I have two tables that I am using Linq to SQL with. The tables have a 1 to many association. The important part of the database schema is as follows:

Camera:
  Id (int)
  SerialNumber (string)
  ...

CameraCalibration
  Id (int)
  CameraFk (int)
  ...

Using LINQ to SQL I can obtain a list of all Camera Calibrations for cameras with 10 character serial numbers as follows

var query = from n in db.CameraCalibrations
    where n.Camera.SerialNumber.Length == 10
    select n

From my understanding of LINQ the following query should equally work (even if by comparision it is rather brutal...)

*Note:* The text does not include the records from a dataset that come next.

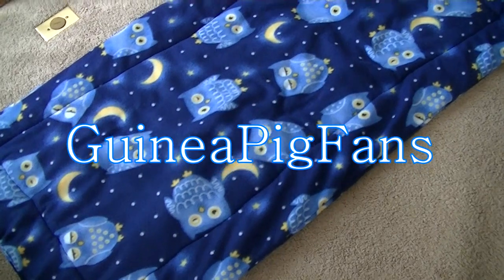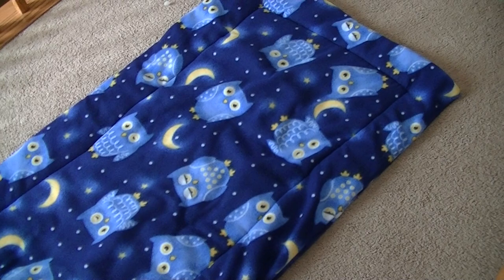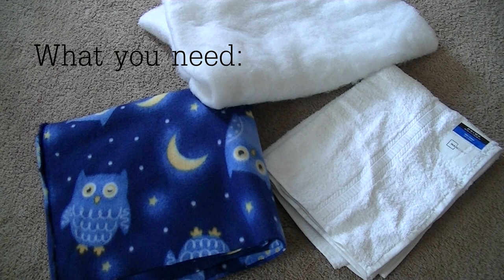Hi guys, it's Lauren and today I'm going to teach you how to make a guinea pig cage liner for your guinea pig's cage. The things you will be needing for this tutorial is your fabric of choice. Here I'm just using this really cute owl pattern fabric — it also has some moons and stars in it, which is really adorable.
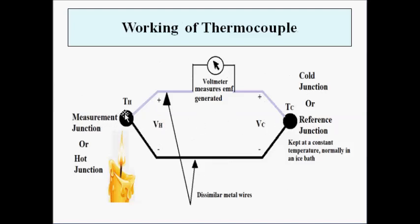The left-hand side junction is the measurement junction — it is heated or placed in the location where the temperature is to be measured. The other junction is the reference junction, whose temperature is kept constant for accurate measurement. Generally it is kept in an ice bath at zero degrees Celsius.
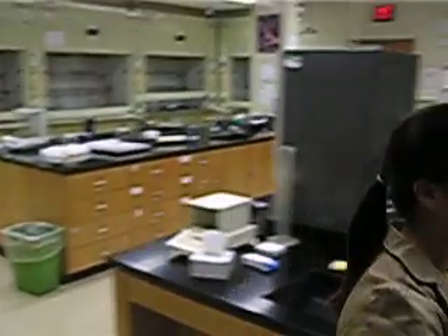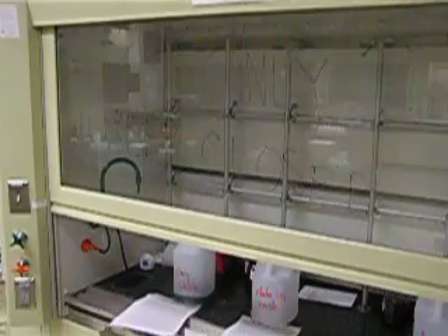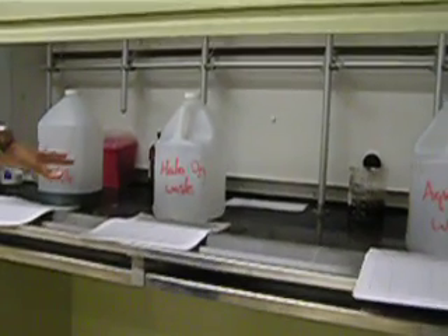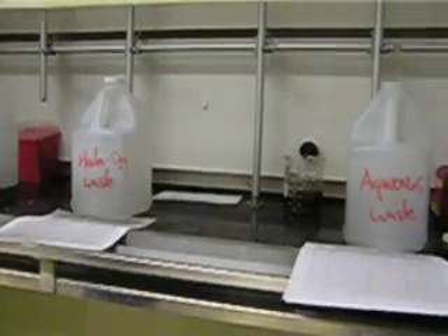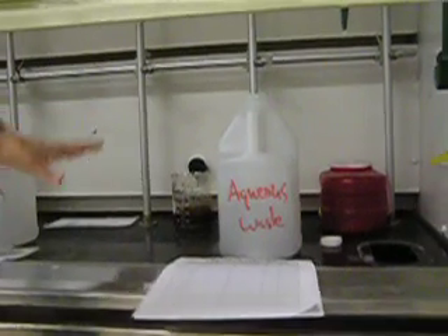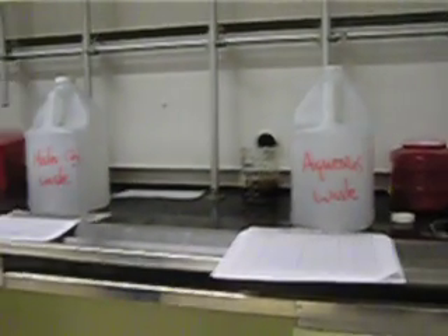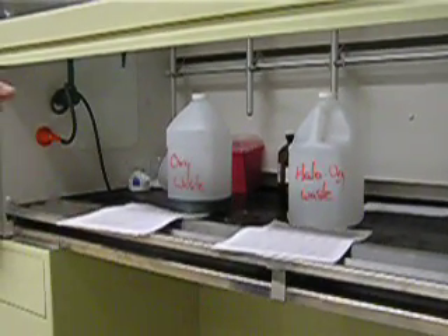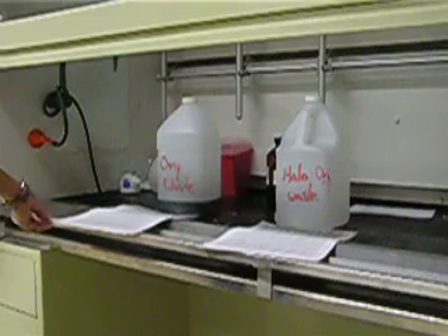The last place we'll look at is the waste hood. There are two important things to note. First, you have to make sure you put chemicals in the right container. The first container is organic waste. The second is halogenated organic waste — whether it's in an organic solvent or in water, put it in the halogenated organic waste. Last is aqueous waste, where you'll put salts, acids, and bases. Second, there are papers associated with each container — you must note what chemical you're putting in the waste and fill out the necessary information.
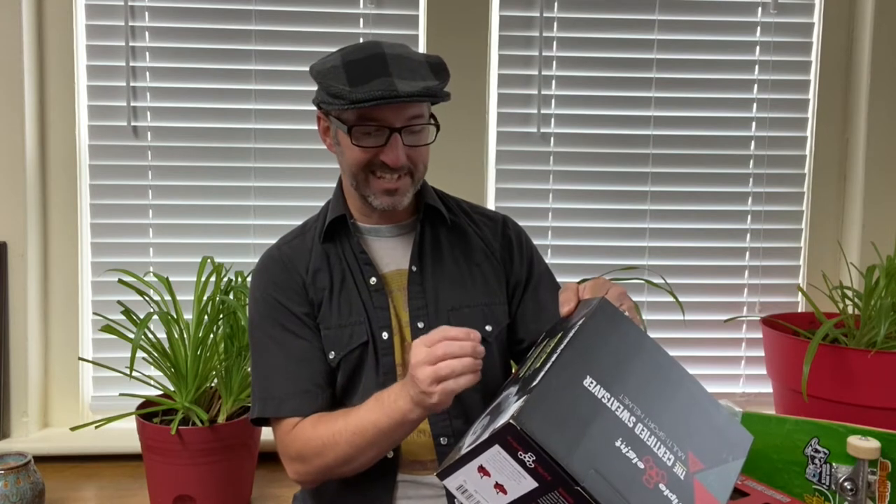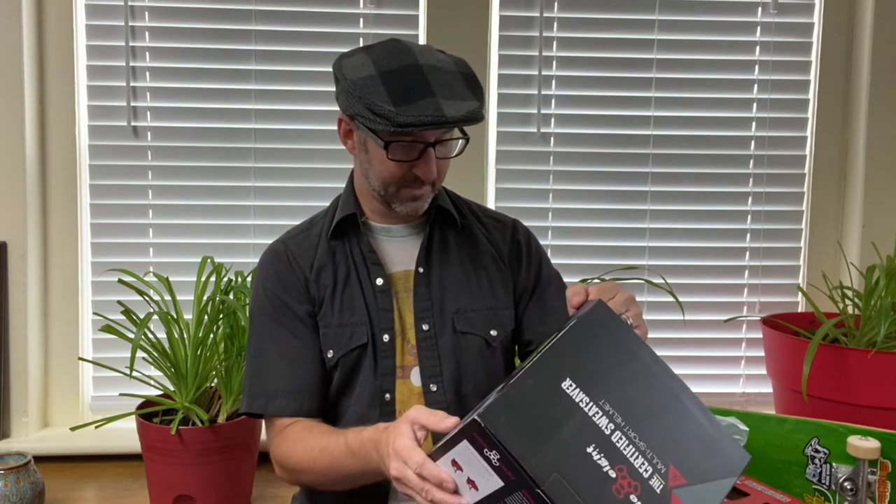I ordered the Triple Eight pads and a Triple Eight certified Sweat Saver helmet. The box says this is the certified Sweat Saver — the holy grail of comfort and protection — the first and only certified helmet with deep fit and plush comfort of their famous soft foam Sweat Saver liner. It also says high-impact absorbing EPS foam is dual certified to CPSC bike and ASTM skate safety standards.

var query = from n in db.CameraCalibrations
where db.Cameras.Where(c => c.Id == n.CameraFk).SingleOrDefault()
                .SerialNumber.Length == 10
select n

However when I execute this second query against the database I get a SQL exception stating "Cannot call methods on nvarchar". When I look at the generated SQL it seems fairly clear why the exception is being generated:

SELECT t0.*
FROM CameraCalibration AS t0
WHERE (
    SELECT t1.serialNumber.Length
    FROM Camera AS t1
    WHERE t1.id = t0.cameraFk
    ) = 10

Notice how the generated SQL uses the expression t1.serialNumber.Length? I would have expected this to be translated into LEN(t1.serialNumber), and indeed with this change the query works.

Am I doing something wrong here? Or is this an error in the way I've structured my query and/or a limitation of LINQ to SQL?

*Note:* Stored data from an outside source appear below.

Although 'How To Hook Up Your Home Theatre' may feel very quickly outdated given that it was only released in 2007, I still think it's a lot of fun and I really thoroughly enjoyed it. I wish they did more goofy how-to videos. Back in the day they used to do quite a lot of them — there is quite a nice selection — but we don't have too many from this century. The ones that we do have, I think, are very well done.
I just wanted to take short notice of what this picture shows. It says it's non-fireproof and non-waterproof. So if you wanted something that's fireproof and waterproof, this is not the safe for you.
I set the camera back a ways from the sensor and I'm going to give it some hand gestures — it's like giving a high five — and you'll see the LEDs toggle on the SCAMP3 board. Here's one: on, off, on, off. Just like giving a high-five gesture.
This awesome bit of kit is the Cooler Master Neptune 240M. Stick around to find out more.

Although I can easily restructure the query I've used to demonstrate the problem, in my real scenario that will be much harder (in part due to dynamically generated LINQ being involved).

How can I write a query similiar to the second one (with a lookup performed within the where clause) that LINQ to SQL will be happy to execute?

+1  A: 

In this particular instance I think you need to join your two tables in your Linq statement. This will allow you to get an instance of the SerialNumber without using the .SerialNumber.Length association. Something like this (untested):

var query = from n in db.CameraCalibrations 
            join c in db.Cameras on c.Id equals n.CameraFk
            where c.SerialNumber.Length == 10
            select n;
Robert Harvey
Your solution does work. Another way is using db.Cameras.Where(c => c.Id == n.CameraFk).SingleOrDefault(z => z.SerialNumber.Length == 10) != null as the where clause. My problem is within my real scenario the framework dynamically generating the LINQ queries won't easily allow me to rewrite the queries to use a join etc. Hence why I am trying to understand why queries of the existing structure throw SQL Exceptions.